Extend an LLM-powered Chatbot, retrieving and reranking a semantic search, to chat with a PDF file using Langchain and Pinecone vector database
We want to extract information from private data in the form of a PDF file. A chatbot interface is a user-friendly approach and we need to apply a memory mechanism to keep track of the conversation and optimize how we interact with the Chatbot. To handle the amount of information that a PDF file can contain, we load all that information in a vector database, including the embedding vectors that compress that information.
Every time a new question is inserted, we call an embedding model to transform it to a vector and, after that, we send the query to the vector db engine, and using a semantic search the top k most similar pieces of text are returned. All that context is sent to the LLM, ChatGPT, to get an accurate response.
Streamlit is a very helpful tool for building a simple demo app for many machine learning tasks. It is a simple app to show how this model works. Robustness and eficiency is not the goal of this app.

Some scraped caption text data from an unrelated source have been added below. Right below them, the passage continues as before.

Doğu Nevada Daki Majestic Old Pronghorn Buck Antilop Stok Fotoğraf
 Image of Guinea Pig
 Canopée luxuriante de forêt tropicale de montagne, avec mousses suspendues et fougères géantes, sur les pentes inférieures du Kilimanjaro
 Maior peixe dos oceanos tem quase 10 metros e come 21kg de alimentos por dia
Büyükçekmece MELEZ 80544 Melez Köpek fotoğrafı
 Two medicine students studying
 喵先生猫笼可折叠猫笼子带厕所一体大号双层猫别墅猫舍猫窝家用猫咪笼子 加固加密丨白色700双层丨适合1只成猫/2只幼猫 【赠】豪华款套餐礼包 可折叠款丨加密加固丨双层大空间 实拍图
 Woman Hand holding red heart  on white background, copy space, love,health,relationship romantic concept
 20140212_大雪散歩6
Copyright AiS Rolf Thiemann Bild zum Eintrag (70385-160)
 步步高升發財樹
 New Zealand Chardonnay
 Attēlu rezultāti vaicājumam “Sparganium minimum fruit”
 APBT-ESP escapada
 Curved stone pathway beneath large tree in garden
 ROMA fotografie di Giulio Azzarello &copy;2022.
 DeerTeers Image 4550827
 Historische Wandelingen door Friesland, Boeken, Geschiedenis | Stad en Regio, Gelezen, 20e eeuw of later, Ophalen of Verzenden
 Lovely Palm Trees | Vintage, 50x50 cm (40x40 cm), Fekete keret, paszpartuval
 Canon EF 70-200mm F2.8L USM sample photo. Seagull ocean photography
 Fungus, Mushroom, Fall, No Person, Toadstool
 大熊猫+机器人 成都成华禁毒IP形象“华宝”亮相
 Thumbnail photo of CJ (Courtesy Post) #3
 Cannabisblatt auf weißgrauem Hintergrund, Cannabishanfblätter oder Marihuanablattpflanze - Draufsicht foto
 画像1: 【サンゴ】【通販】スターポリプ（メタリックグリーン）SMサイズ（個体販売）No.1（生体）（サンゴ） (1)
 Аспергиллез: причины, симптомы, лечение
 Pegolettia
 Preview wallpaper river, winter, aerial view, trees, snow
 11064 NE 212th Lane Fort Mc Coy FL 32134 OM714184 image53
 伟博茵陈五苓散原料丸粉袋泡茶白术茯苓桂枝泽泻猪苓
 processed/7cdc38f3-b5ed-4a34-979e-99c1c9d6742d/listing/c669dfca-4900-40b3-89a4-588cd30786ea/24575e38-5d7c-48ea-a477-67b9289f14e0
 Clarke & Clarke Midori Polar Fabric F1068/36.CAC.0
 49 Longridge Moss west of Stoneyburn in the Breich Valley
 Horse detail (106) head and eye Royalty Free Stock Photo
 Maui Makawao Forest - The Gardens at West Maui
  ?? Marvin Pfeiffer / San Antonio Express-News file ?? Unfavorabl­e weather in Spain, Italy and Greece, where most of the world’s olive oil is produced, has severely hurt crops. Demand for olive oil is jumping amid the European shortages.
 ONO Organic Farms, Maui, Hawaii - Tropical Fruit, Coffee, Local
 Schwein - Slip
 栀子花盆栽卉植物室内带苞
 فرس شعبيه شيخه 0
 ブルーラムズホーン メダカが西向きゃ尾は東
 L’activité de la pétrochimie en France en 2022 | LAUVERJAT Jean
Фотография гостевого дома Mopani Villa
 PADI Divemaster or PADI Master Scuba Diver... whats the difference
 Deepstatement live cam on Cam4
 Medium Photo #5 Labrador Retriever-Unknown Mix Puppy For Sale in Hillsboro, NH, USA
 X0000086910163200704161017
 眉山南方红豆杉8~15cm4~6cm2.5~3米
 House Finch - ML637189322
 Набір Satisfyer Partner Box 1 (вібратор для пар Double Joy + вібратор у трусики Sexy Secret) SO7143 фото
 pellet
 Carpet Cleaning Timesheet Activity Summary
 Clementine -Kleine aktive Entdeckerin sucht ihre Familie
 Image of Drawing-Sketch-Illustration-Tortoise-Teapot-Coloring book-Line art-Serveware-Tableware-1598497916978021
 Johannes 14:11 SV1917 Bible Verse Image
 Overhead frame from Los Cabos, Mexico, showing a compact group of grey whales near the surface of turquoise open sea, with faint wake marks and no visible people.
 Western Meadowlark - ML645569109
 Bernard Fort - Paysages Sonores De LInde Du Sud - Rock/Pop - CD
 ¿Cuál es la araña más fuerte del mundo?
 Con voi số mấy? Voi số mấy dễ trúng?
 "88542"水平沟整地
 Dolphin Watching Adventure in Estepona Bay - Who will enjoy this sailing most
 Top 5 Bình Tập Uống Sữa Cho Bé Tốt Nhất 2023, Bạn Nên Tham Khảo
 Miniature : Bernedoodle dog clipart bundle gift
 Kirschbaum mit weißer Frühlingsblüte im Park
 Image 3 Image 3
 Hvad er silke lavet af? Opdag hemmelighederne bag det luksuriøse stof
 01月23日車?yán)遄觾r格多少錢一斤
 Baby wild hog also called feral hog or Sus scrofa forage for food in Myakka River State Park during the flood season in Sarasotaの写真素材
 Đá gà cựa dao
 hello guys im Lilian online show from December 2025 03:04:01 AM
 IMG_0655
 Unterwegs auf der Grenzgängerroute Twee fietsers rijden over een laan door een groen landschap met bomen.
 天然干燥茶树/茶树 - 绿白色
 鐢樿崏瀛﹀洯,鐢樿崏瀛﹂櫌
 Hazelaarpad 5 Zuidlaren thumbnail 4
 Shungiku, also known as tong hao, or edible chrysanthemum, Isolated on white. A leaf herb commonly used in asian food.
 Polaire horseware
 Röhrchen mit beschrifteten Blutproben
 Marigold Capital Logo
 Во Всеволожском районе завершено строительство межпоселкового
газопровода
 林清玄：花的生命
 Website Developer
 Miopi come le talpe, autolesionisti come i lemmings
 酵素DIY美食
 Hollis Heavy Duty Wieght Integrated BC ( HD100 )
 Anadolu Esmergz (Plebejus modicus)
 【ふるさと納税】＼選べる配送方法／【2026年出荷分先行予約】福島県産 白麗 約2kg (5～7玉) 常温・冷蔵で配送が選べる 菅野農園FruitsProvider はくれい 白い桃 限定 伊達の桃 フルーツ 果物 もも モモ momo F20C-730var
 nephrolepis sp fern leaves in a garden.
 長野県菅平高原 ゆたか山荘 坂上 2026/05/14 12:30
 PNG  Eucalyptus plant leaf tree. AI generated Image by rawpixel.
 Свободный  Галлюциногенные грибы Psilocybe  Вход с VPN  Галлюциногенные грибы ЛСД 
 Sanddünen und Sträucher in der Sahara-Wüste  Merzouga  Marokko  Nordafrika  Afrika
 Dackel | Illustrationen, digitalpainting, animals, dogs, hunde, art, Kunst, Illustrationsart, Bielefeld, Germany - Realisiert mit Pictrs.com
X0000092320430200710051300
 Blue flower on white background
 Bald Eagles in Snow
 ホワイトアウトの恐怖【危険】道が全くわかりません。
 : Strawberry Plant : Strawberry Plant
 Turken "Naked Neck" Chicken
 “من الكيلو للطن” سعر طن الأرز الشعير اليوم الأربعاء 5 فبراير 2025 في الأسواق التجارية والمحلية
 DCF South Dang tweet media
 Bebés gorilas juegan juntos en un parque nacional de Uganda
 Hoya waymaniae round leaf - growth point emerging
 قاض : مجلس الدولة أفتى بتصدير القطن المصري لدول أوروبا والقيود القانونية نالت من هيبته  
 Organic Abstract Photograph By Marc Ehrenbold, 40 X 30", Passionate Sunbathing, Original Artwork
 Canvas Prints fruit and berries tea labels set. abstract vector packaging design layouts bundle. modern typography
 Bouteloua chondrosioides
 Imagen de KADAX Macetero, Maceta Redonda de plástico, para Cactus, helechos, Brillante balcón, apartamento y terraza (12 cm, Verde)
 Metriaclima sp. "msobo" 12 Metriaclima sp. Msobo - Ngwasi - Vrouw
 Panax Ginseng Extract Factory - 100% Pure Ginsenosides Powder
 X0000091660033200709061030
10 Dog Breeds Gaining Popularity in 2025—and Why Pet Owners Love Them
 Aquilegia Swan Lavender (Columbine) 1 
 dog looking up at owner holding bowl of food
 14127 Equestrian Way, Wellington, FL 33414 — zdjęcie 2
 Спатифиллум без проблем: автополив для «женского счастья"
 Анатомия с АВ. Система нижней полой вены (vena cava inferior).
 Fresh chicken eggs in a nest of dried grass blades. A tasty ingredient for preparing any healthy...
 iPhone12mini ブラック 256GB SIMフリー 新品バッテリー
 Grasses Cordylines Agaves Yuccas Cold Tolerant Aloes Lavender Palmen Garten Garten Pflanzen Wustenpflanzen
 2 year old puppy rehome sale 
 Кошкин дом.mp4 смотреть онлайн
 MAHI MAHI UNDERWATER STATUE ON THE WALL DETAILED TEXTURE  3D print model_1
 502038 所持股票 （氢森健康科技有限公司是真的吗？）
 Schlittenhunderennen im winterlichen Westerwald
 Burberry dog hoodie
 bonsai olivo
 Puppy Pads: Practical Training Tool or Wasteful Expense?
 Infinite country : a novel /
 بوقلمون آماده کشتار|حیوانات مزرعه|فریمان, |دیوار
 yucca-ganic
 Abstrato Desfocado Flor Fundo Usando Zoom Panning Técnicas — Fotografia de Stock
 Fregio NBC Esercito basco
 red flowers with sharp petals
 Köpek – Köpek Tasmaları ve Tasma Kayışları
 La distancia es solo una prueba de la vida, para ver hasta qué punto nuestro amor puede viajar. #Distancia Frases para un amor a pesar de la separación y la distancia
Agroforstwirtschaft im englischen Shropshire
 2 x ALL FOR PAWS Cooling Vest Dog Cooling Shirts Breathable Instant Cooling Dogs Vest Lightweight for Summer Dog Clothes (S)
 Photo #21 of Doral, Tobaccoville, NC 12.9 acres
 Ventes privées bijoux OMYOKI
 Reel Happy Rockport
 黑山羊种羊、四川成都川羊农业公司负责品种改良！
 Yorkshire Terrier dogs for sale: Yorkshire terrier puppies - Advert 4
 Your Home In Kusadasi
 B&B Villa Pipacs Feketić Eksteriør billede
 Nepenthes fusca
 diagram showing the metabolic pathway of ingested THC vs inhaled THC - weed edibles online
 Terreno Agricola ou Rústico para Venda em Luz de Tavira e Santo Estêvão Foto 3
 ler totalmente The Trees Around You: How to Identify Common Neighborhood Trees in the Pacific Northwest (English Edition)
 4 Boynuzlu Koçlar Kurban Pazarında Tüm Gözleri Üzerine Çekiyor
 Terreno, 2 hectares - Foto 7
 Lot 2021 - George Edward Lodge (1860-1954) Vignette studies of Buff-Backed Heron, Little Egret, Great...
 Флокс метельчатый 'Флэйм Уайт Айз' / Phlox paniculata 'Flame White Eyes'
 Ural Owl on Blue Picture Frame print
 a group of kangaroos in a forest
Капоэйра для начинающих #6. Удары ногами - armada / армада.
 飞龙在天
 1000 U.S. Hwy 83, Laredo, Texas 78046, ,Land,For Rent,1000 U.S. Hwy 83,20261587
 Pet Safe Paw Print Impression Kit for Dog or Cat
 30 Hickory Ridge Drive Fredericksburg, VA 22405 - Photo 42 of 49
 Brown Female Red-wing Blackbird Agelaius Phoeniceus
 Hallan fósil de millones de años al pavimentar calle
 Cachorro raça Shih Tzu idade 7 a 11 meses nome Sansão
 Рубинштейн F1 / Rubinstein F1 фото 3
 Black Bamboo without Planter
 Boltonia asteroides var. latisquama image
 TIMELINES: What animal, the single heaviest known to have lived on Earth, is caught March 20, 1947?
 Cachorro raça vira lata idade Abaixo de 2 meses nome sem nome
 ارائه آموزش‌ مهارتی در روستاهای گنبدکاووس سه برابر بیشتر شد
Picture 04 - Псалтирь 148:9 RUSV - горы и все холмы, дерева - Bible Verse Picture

We have uploaded the app to Streamlit Community Cloud to share it with the community.
The source code provides method and functions to work with Pinecone and Deeplake vector databases, but the final app is built on top of Deeplake.
In future realeses we would try to select the database to use and other configuration options.
- main.py: The Streamlit app
- utils: source code to handle vector databases
- core: python scripts to run questions or conversational actions
- constant.py: Dome config parameters for the database connection.
- .py files: there is a .py file for every stage of the process: ingestion, retrival, conversational and chat.
If you find some bug or typo, please let me know or fixit and push it to be analyzed.
These notebooks are under a Apache 2.0 license.